Brief:
Skipping any pictures, repeat exactly and only the lines from the one that holds "Angler Demon - Large" to the last line of the material, both included.

··· Data for this task ···

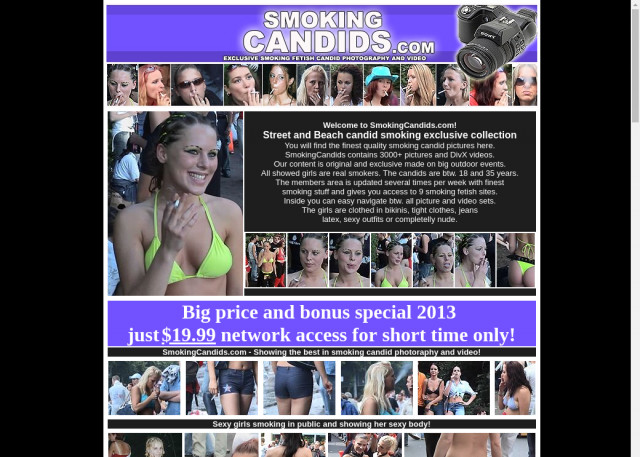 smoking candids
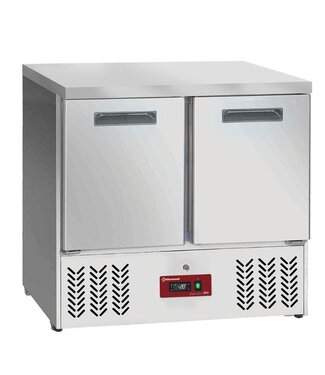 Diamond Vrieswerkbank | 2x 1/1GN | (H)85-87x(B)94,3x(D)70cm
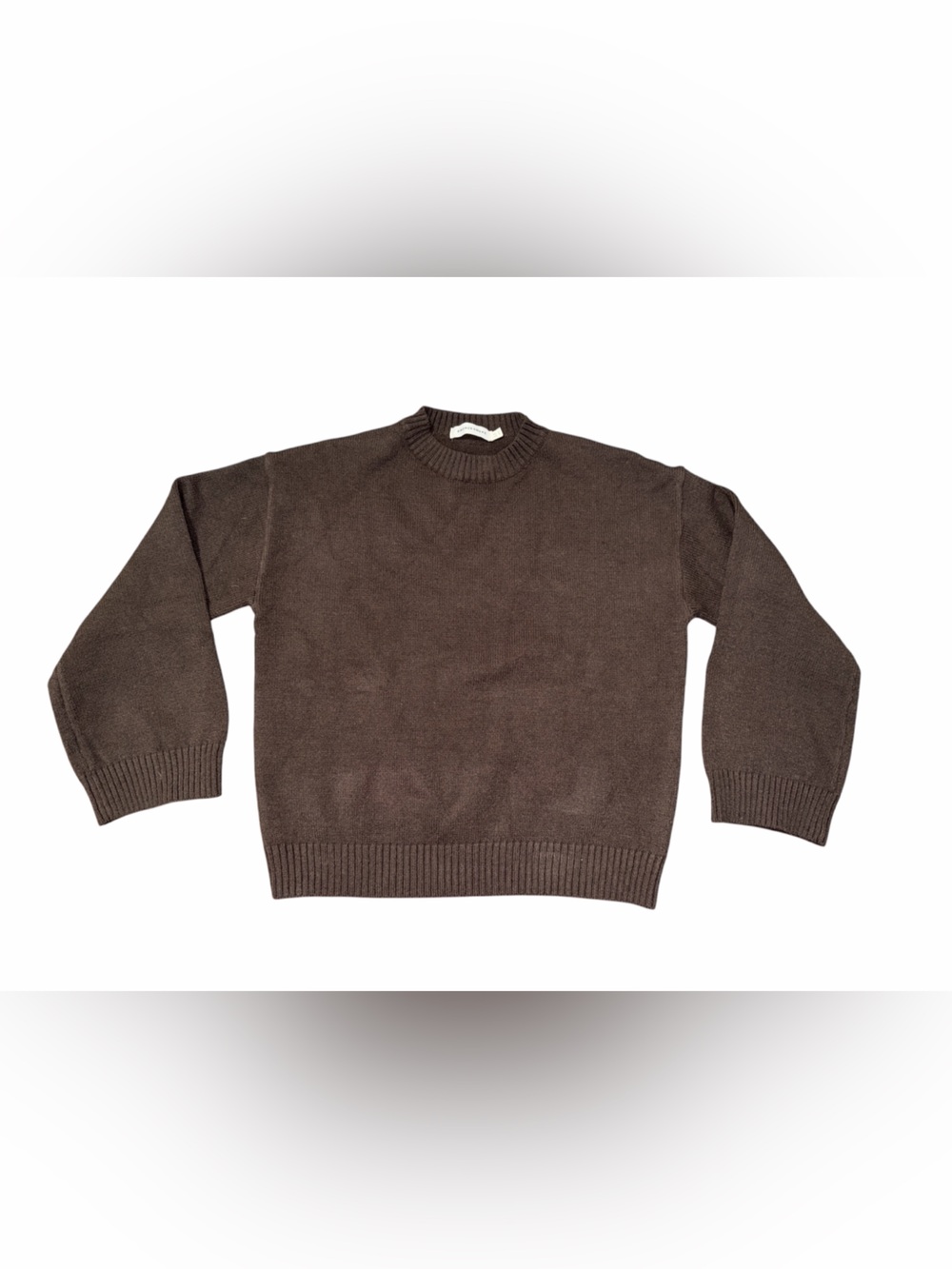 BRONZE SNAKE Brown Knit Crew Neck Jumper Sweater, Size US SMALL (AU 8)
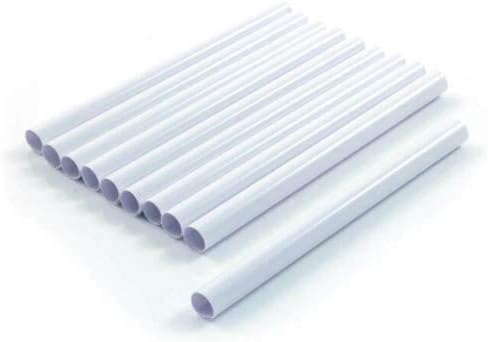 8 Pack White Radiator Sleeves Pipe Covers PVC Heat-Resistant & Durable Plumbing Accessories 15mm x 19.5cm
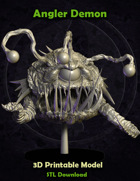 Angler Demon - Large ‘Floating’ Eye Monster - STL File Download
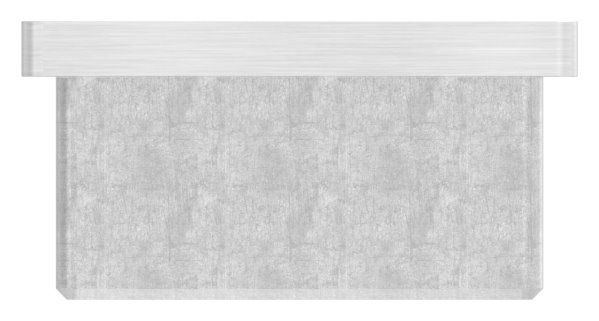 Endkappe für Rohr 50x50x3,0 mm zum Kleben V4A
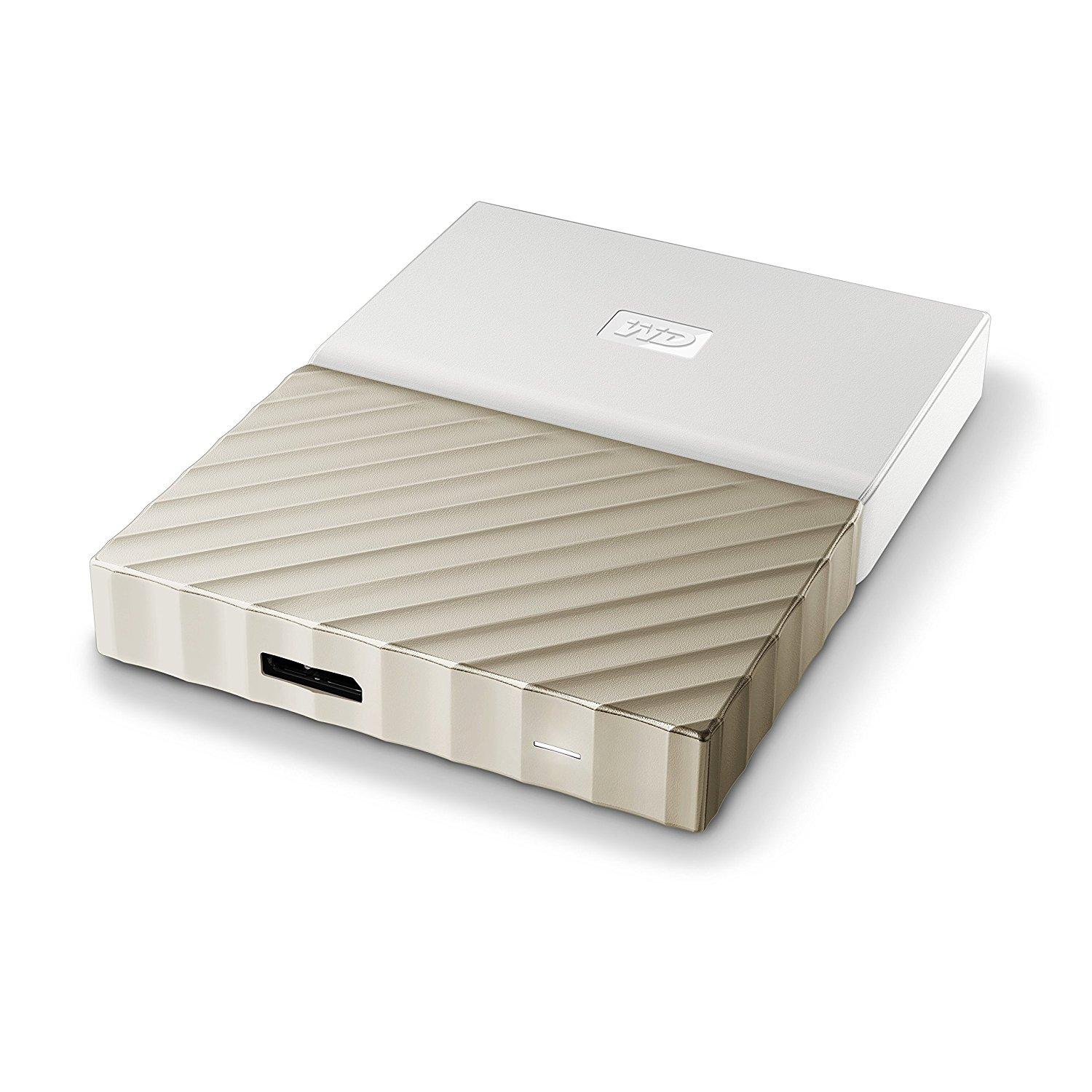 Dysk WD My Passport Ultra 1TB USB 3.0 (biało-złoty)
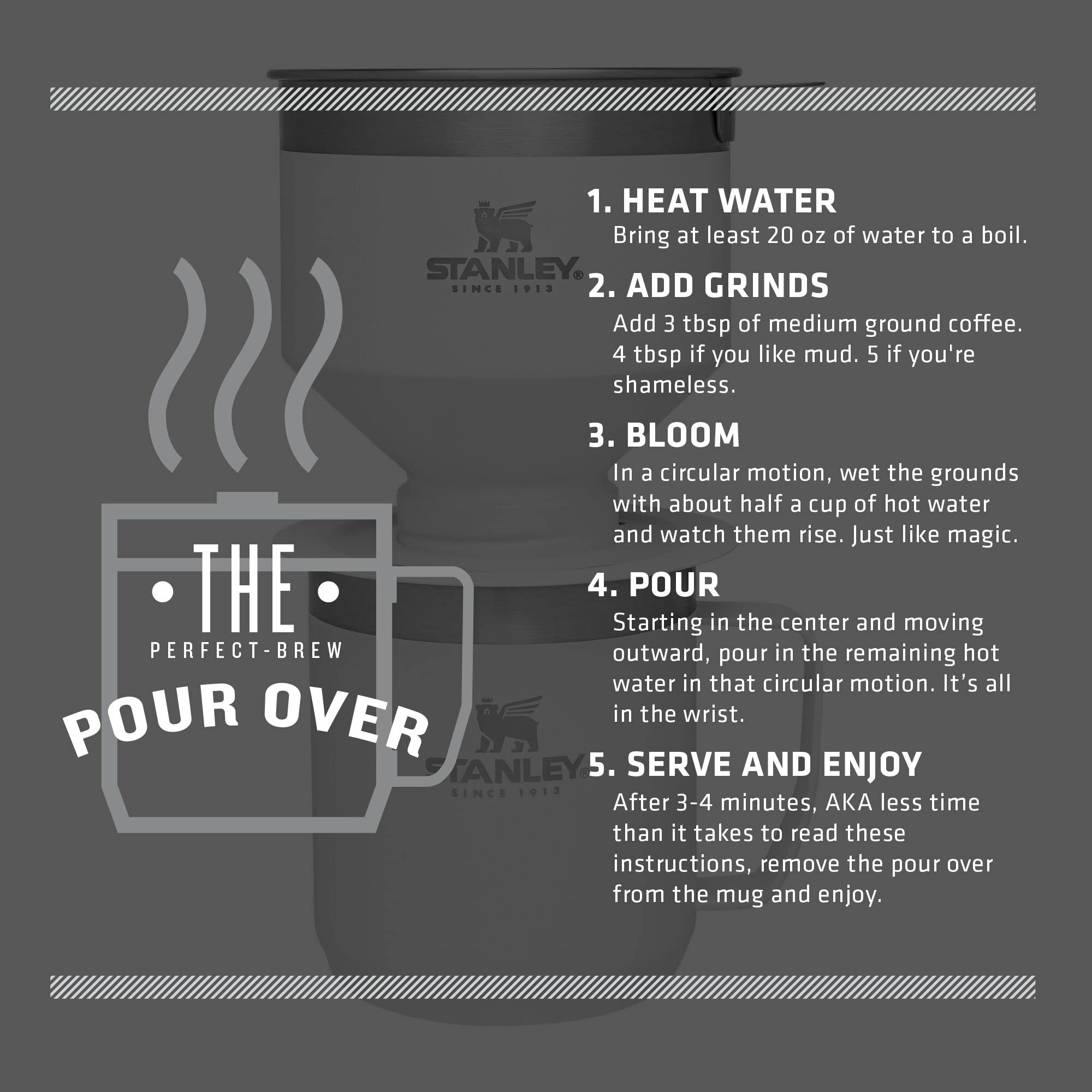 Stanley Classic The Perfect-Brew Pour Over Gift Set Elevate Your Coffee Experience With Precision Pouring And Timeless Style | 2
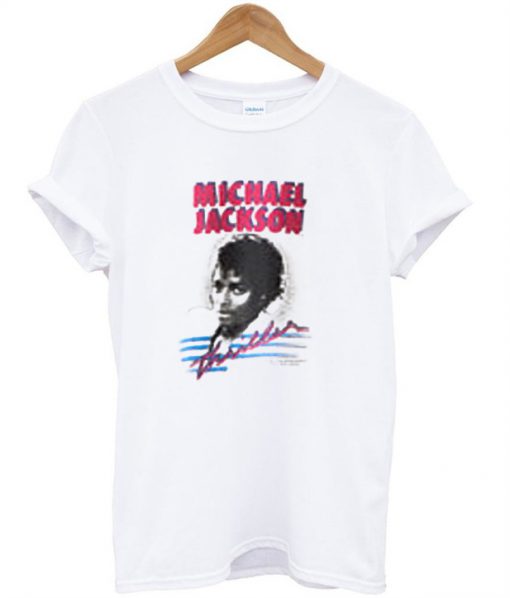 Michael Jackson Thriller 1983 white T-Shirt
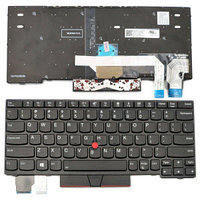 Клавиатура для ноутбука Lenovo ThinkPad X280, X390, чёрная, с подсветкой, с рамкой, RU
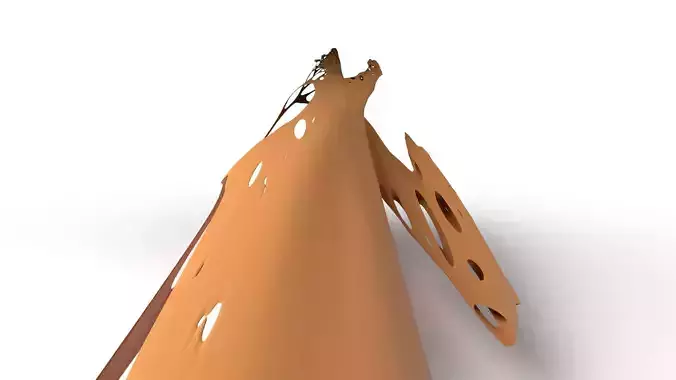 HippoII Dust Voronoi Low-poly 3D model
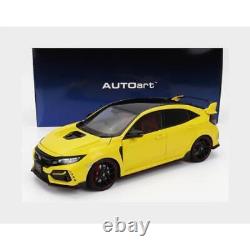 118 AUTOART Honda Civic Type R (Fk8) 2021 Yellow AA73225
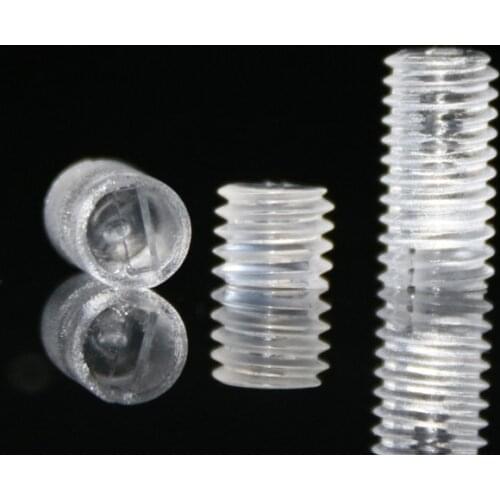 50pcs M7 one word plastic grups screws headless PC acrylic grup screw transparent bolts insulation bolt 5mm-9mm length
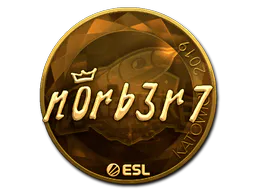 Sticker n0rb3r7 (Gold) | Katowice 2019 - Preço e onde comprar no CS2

···

Your response:
 Angler Demon - Large ‘Floating’ Eye Monster - STL File Download
 Endkappe für Rohr 50x50x3,0 mm zum Kleben V4A
 Dysk WD My Passport Ultra 1TB USB 3.0 (biało-złoty)
 Stanley Classic The Perfect-Brew Pour Over Gift Set Elevate Your Coffee Experience With Precision Pouring And Timeless Style | 2
 Michael Jackson Thriller 1983 white T-Shirt
 Клавиатура для ноутбука Lenovo ThinkPad X280, X390, чёрная, с подсветкой, с рамкой, RU
 HippoII Dust Voronoi Low-poly 3D model
 118 AUTOART Honda Civic Type R (Fk8) 2021 Yellow AA73225
 50pcs M7 one word plastic grups screws headless PC acrylic grup screw transparent bolts insulation bolt 5mm-9mm length
 Sticker n0rb3r7 (Gold) | Katowice 2019 - Preço e onde comprar no CS2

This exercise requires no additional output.